→ SUPPLIED DATA:
____

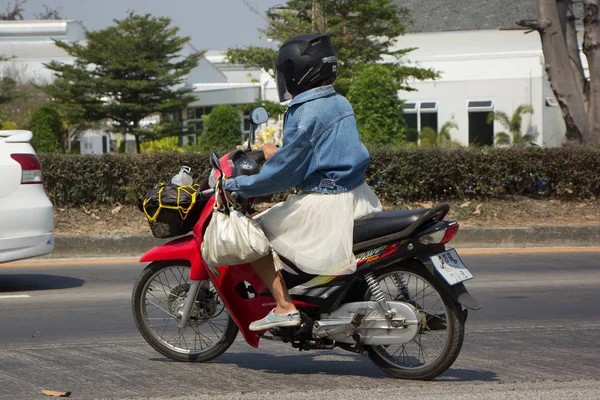 Рядовой мотоцикл Honda Wave . — стоковое фото
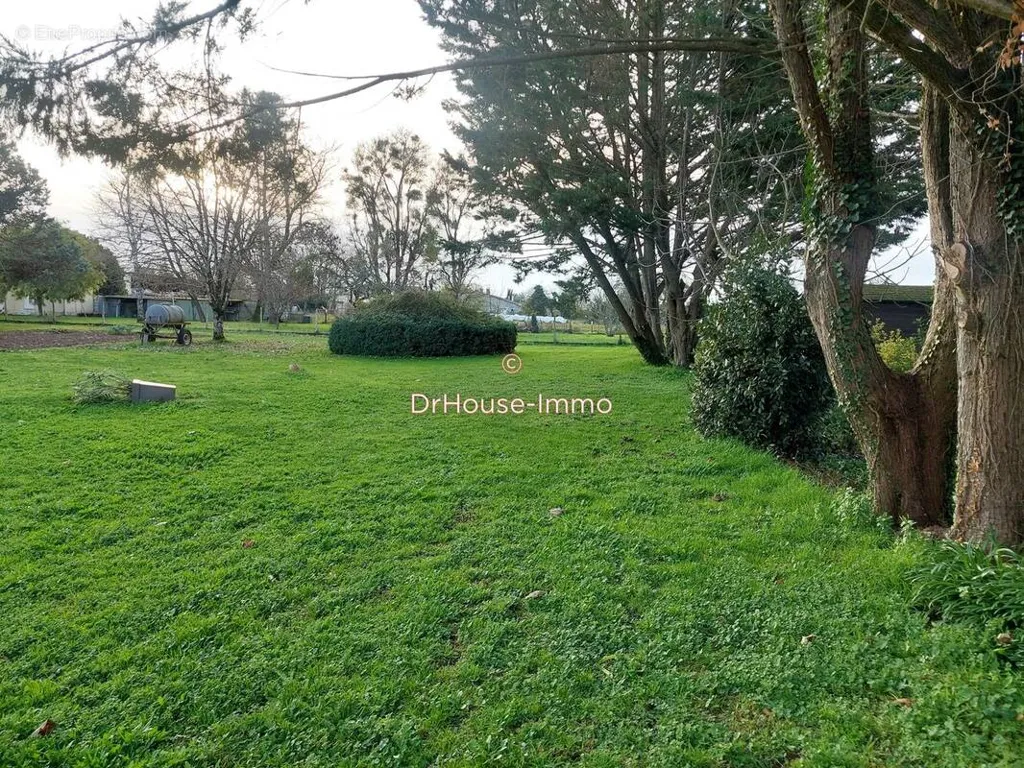 Aed - Flat Land with Utilities Near Pisany
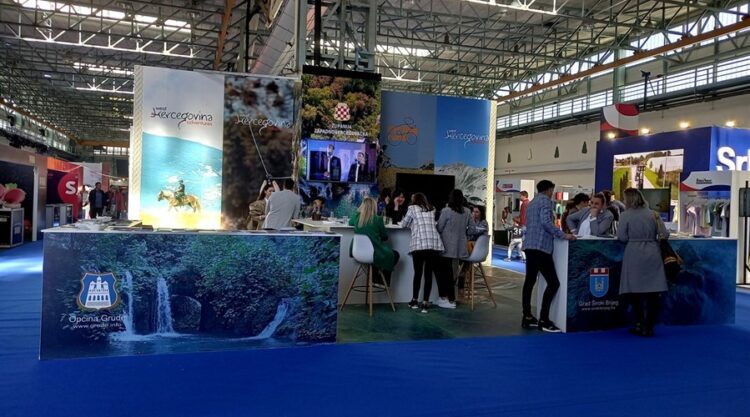 Predsjednik Vlade ŽZH Zdenko Ćosić na Sajmu gospodarstva Mostar 2022. obišao štand Županije Zapadnohercegovačke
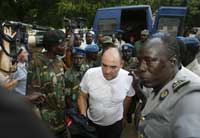 Un membre de l'association l'Arche de Zoé lors de son arrivée au tribunal de N'Djaména, samedi 03 novembre 2007. 

		(Photo : Reuters)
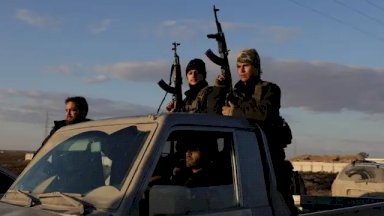 عناصر من الجيش السوري في الرقة بعد انسحاب قسد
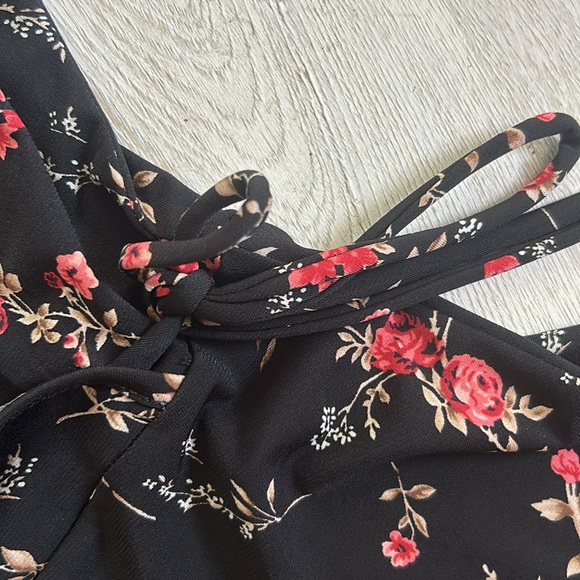 CUTE FLORAL SKATER DRESS WITH FRONT TIE - Picture 5 of 6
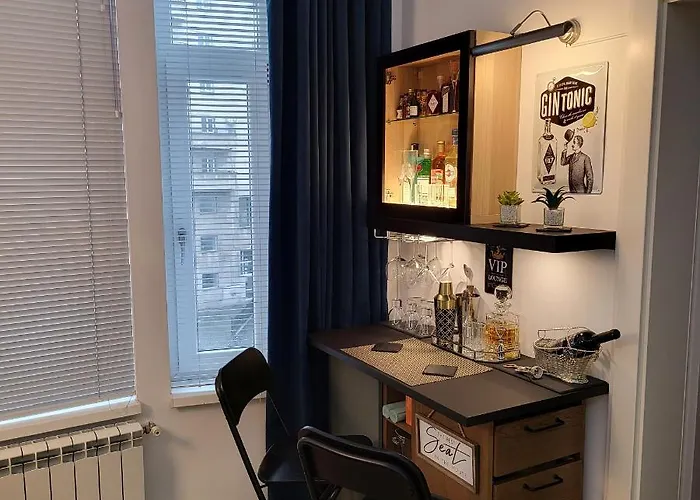 Apartament Color Corneliu Coposu 1a Street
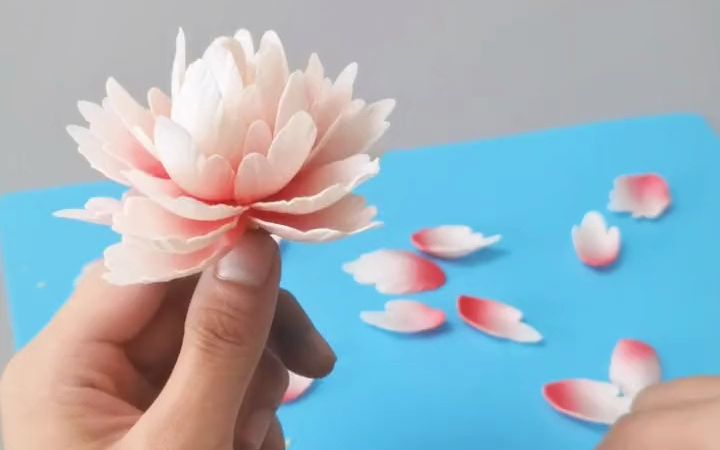 酒店盘饰《面塑牡丹》组装花瓣,一起动手制作吧!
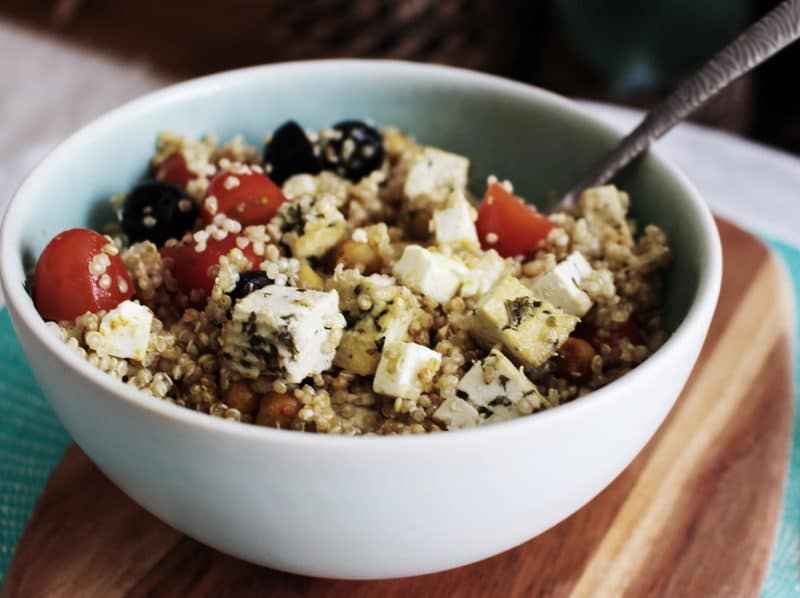 Quinoa bowl tomate feta une recette méditerranéenne By Opaline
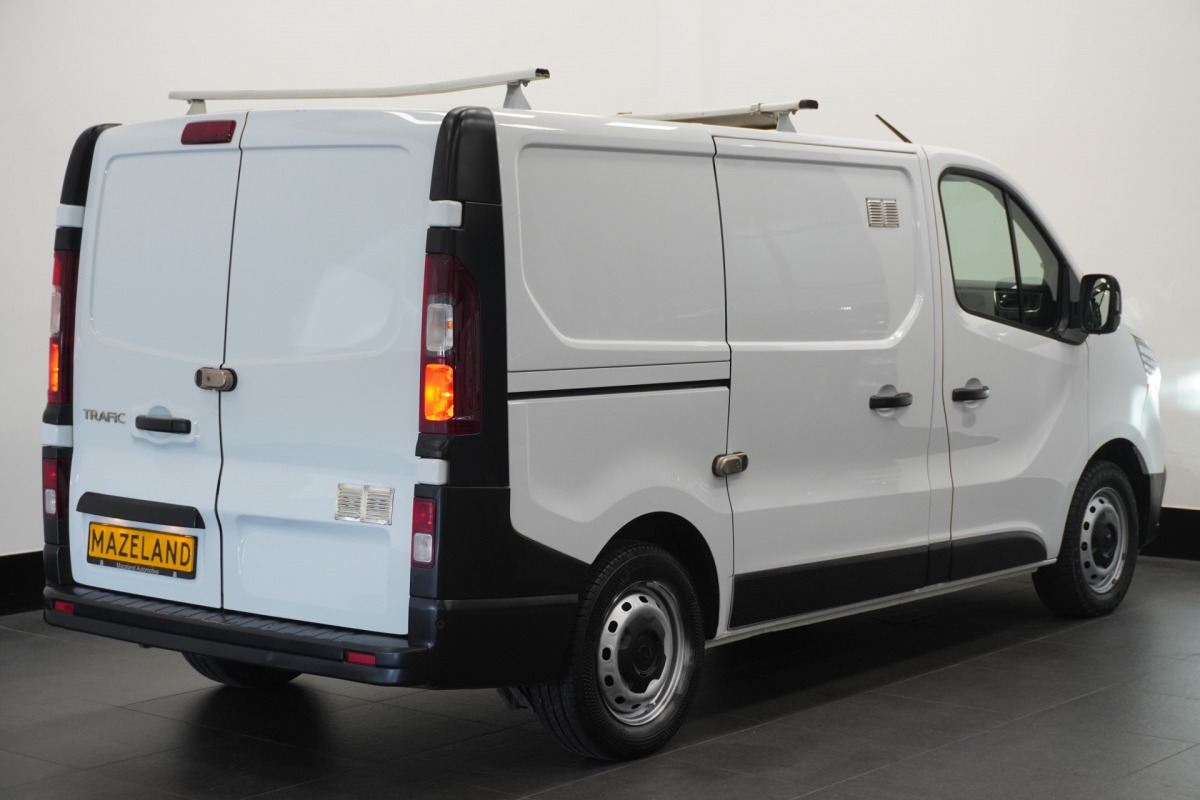 Renault Trafic 2.0 Blue dCi 130PK EURO 6 - Airco - Navi - Cruise - €16.900,- Excl. Renault Trafic 2.0 Blue dCi 130PK EURO 6 - Airco - Navi - Cruise - €16.900,- Excl.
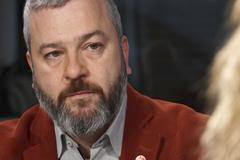 Lidé v Jemenu jen přežívají, výbuchy jsou slyšet i blízko naší nemocnice, říká Gruber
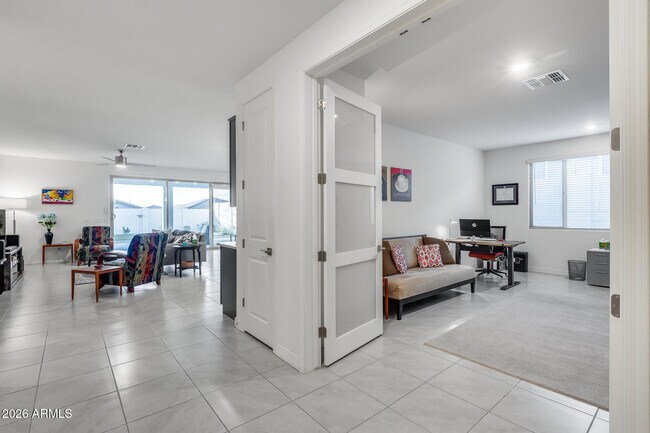 Building Photo - 3044 W Monte Way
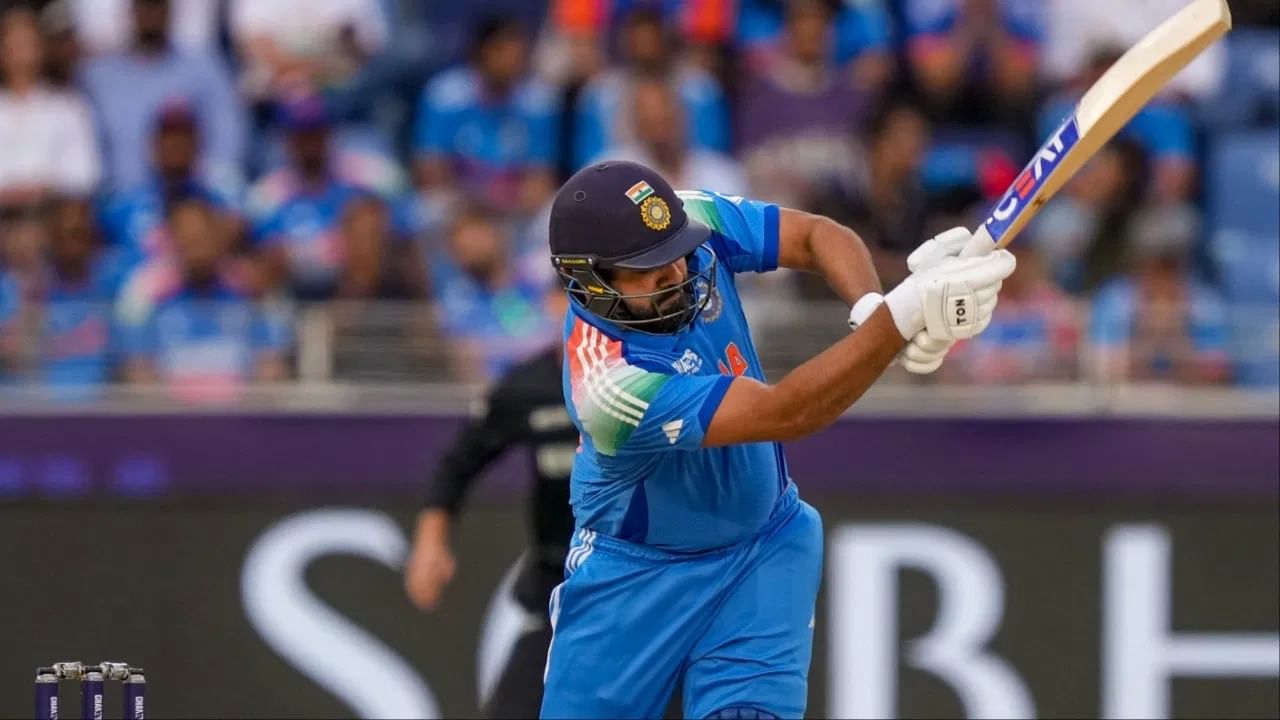 तसेच रोहितकडे टीम इंडियासाठी वनडेत सर्वाधिक धावा करणारा तिसरा फलंदाज होण्याचा बहुमान मिळवण्याची संधी आहे. रोहितला त्यासाठी 196 धावांची गरज आहे. तसेच रोहित 174 धावाच करताच टीम इंडियासाठी सर्वाधिक रन्स करणारा पहिला ओपनर ठरेल. (Photo Credit: PTI)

____

→ GOAL OF THE EXERCISE: Skip all pictures. Write out only the lines from the one containing "Lidé v Jemenu" to the end of the listing above, inclusive, exactly as given.

→ RESULT OF THE EXERCISE:
 Lidé v Jemenu jen přežívají, výbuchy jsou slyšet i blízko naší nemocnice, říká Gruber
 Building Photo - 3044 W Monte Way
 तसेच रोहितकडे टीम इंडियासाठी वनडेत सर्वाधिक धावा करणारा तिसरा फलंदाज होण्याचा बहुमान मिळवण्याची संधी आहे. रोहितला त्यासाठी 196 धावांची गरज आहे. तसेच रोहित 174 धावाच करताच टीम इंडियासाठी सर्वाधिक रन्स करणारा पहिला ओपनर ठरेल. (Photo Credit: PTI)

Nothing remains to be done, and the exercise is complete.